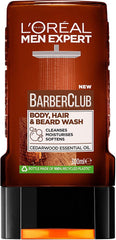 L’Oréal Men Expert - Barber Club Body, Hair & Beard Wash With Cedarwood Essential Oil 300ml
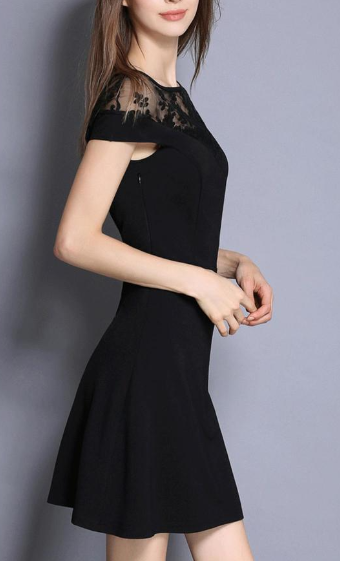 Women Slim A Line Party Dress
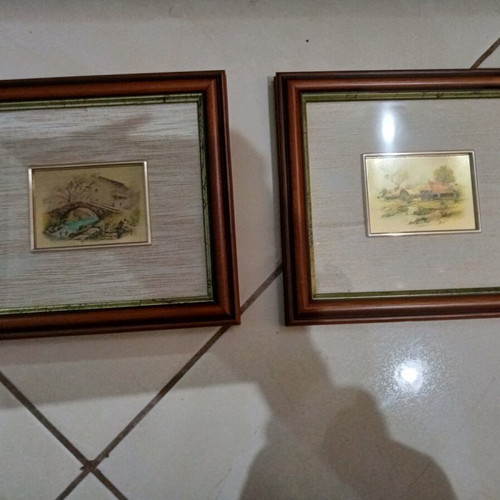 Two frames 18x16 with unique technique like new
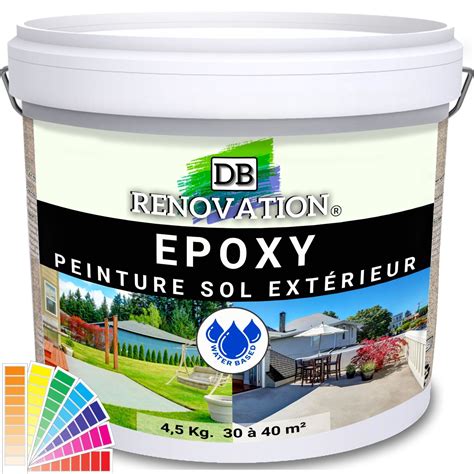 RESINE EPOXY Extérieur Terrasse Haute résistance Gris anthracite 4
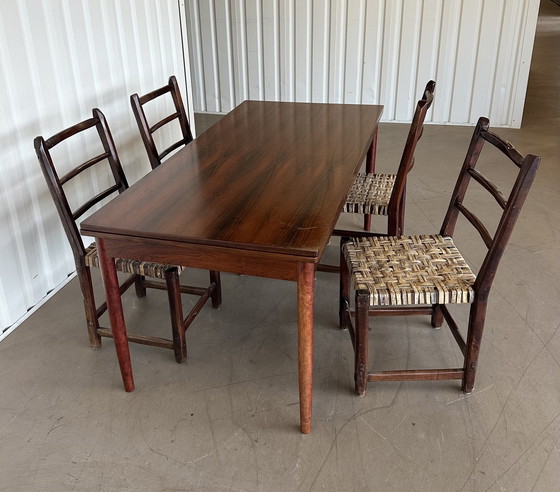 Image 1 of Large Rosewood Dining Table 1960s, Extendable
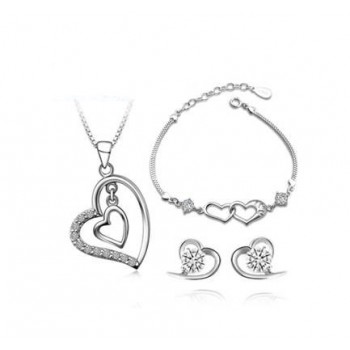 Sterling silver heart to heart jewelry sets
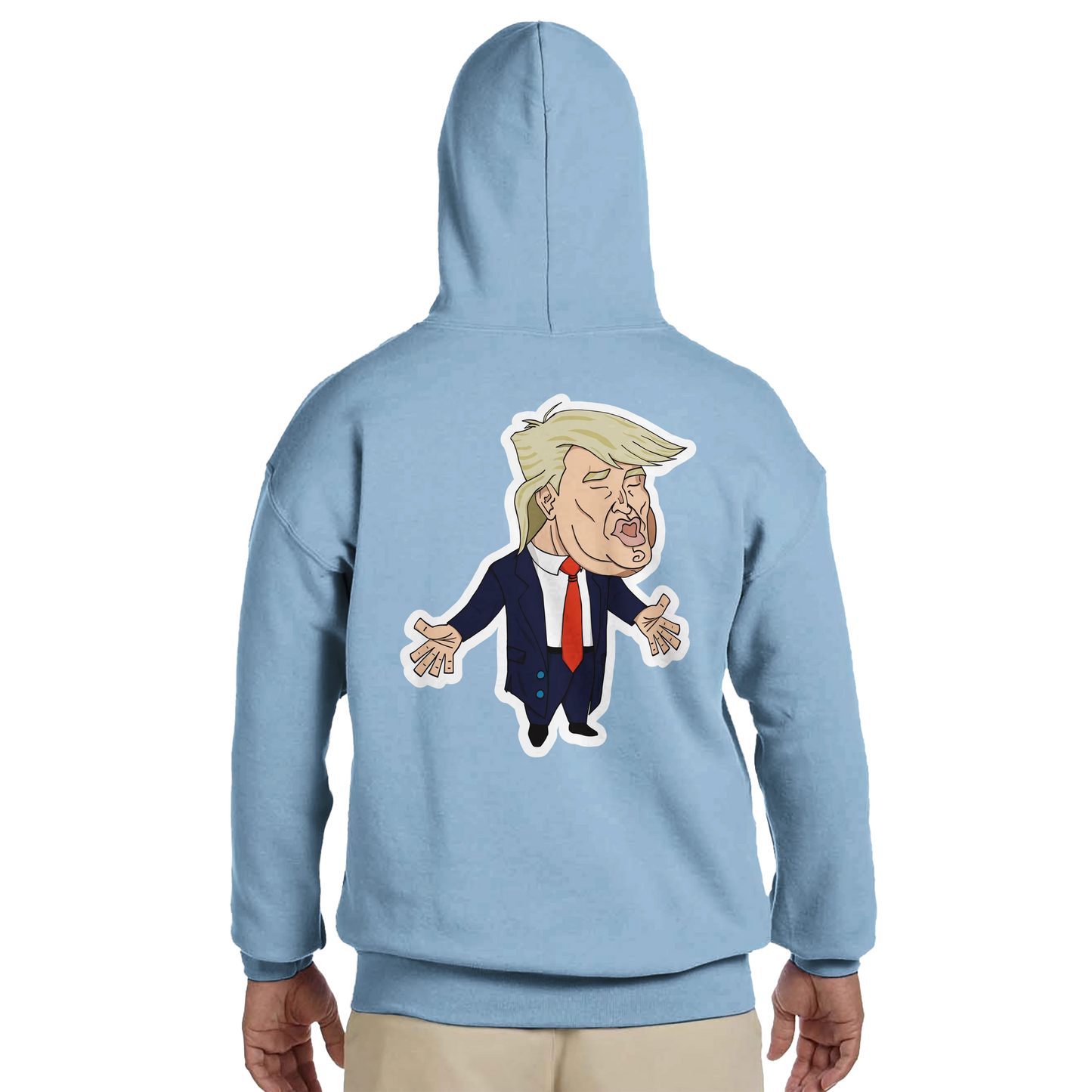 D. Tromp - Sweat à capuche unisexe "Tremendous" - Recto/Verso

Description of the task: Exclude all images and restate the records above word for word.

Solution:
 L’Oréal Men Expert - Barber Club Body, Hair & Beard Wash With Cedarwood Essential Oil 300ml
 Women Slim A Line Party Dress
 Two frames 18x16 with unique technique like new
 RESINE EPOXY Extérieur Terrasse Haute résistance Gris anthracite 4
 Image 1 of Large Rosewood Dining Table 1960s, Extendable
 Sterling silver heart to heart jewelry sets
 D. Tromp - Sweat à capuche unisexe "Tremendous" - Recto/Verso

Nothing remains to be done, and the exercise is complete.